Die Autofahrer müssen mitmachen
Die Autobesitzer müssten allerdings lernen, ihre heimischen Ladegeräte entsprechend dem Bedarf der kommenden Tage einzustellen: "Voll laden", wenn sie größere Fahrten planen, oder beispielsweise "mindestens 30 Prozent", wenn am nächsten Tag nur die üblichen 20 Kilometer zur Arbeit und zurück anstehen. Im Gegenzug dafür, dass die Fahrer wiederholt nur eine Teilladung anfordern (aber dennoch eine Vollladung erhalten, wenn gerade Strom im Überschuss vorhanden ist), würden sie günstigere Strompreise und/oder kostenlose Ladekapazität an öffentlichen Schnellladestationen erhalten. Letztere könnten sie immer dann nutzen, wenn sie sich beim Bedarf doch mal verschätzt haben oder eine Fahrt weiter geht als selbst mit einer 100-Prozent-Ladung möglich ist. Angesichts dessen, dass viele Fahrer aktuell sogar den zusätzlichen Zeitbedarf für Umwege in Kauf nehmen, um günstig tanken zu können, ist es durchaus zu erwarten, dass viele Fahrer künftig bereit sein werden, eine solche flexible Ladesteuerung zu verwenden.

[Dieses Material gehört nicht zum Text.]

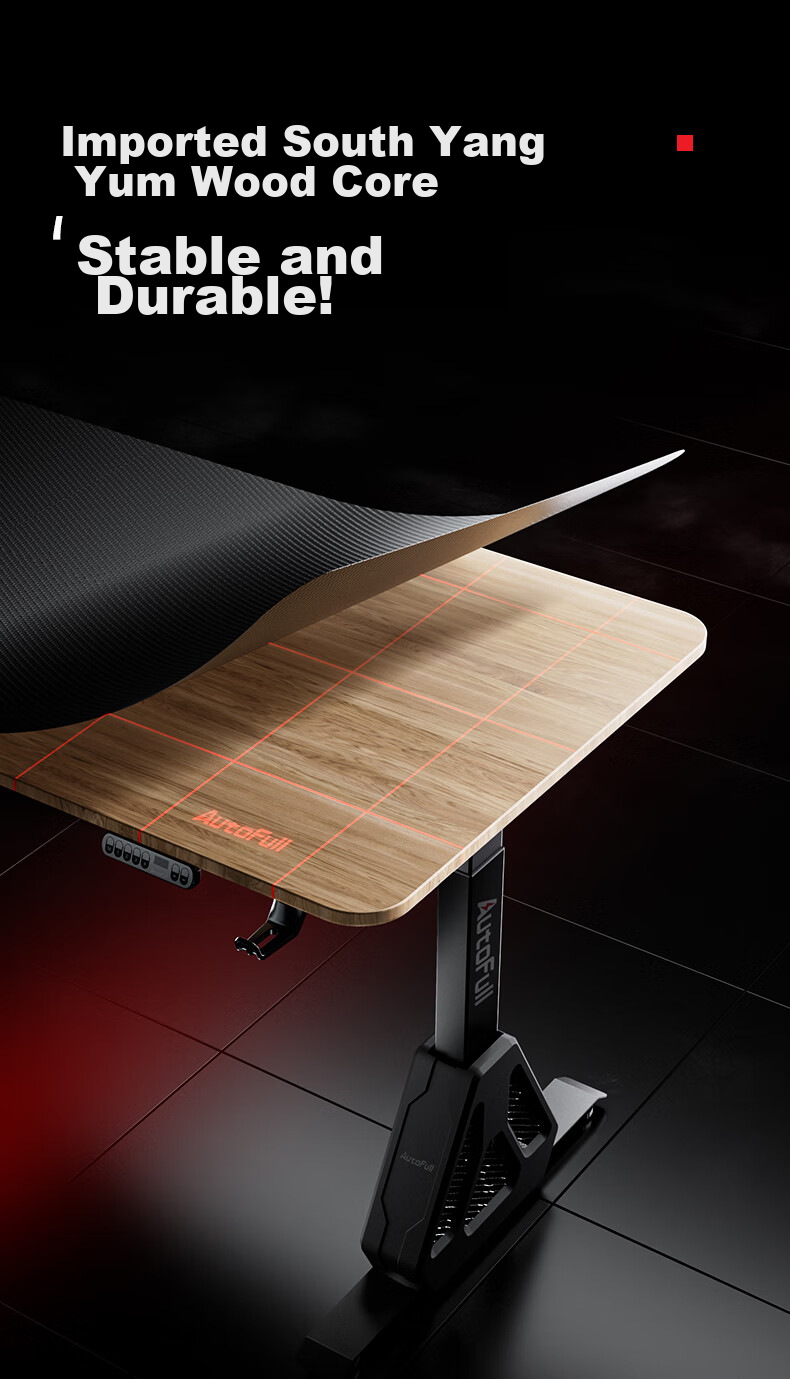 AOFENG A4Pro Gaming Desk Solid Wood Electric Height Adjustable Computer Desk Office Desk Black 1.8*0.8m 11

Entwicklung jetzt anstoßen!
Flexibel geladene Elektroautos könnten also eine wichtige Rolle spielen bei der geplanten Umstellung der Stromproduktion auf immer höhere Anteile an erneuerbaren Energien. Doch müssten dazu zahlreiche Akteure geeignet koordiniert werden: Die Stromversorgungsunternehmen müssten die Protokolle für die optimale Verteilung des verfügbaren Stroms entwickeln, die Elektroautohersteller die flexiblen Ladegeräte, und die Fahrer müssten darin trainiert werden, die Ladegeräte richtig zu bedienen.
Ohne politischen Willen wird die genannte Kooperation zwischen Stromversorgern, Autoherstellern und Fahrern jedoch scheitern. Selbst mit politischem Willen könnte sie unterlaufen werden, wie der Dieselskandal zeigt. Es müssten also nicht nur Gesetze zur flexiblen Ladesteuerung erlassen werden, es müsste auch deren Einhaltung durch Stromerzeuger und Autohersteller engmaschig kontrolliert werden. Im Gegenzug würden wir alle von weniger Abgasen, weniger Lärm und entspannterem Fahren profitieren, in fünf bis zehn Jahren zudem möglicherweise von effektiv niedrigeren Kosten pro gefahrenem Kilometer. Sind das keine guten Aussichten?